» PROBLEM
Nothing but the lines from the one with "トヨタ ヤリスクロス ハイブリッド" through the end of the listing below should appear in your reply, each copied exactly.

» TASK INPUTS
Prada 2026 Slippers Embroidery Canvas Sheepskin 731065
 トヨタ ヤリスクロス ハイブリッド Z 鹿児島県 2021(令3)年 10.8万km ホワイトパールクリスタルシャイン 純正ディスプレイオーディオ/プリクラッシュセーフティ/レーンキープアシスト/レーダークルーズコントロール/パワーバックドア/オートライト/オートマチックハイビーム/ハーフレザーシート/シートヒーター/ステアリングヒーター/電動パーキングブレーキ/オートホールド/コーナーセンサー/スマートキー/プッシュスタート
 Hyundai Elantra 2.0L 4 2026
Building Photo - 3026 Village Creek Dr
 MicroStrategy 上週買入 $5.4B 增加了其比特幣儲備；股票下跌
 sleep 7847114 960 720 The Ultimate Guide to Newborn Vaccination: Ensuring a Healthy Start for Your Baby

» ANSWER SECTION
 トヨタ ヤリスクロス ハイブリッド Z 鹿児島県 2021(令3)年 10.8万km ホワイトパールクリスタルシャイン 純正ディスプレイオーディオ/プリクラッシュセーフティ/レーンキープアシスト/レーダークルーズコントロール/パワーバックドア/オートライト/オートマチックハイビーム/ハーフレザーシート/シートヒーター/ステアリングヒーター/電動パーキングブレーキ/オートホールド/コーナーセンサー/スマートキー/プッシュスタート
 Hyundai Elantra 2.0L 4 2026
Building Photo - 3026 Village Creek Dr
 MicroStrategy 上週買入 $5.4B 增加了其比特幣儲備；股票下跌
 sleep 7847114 960 720 The Ultimate Guide to Newborn Vaccination: Ensuring a Healthy Start for Your Baby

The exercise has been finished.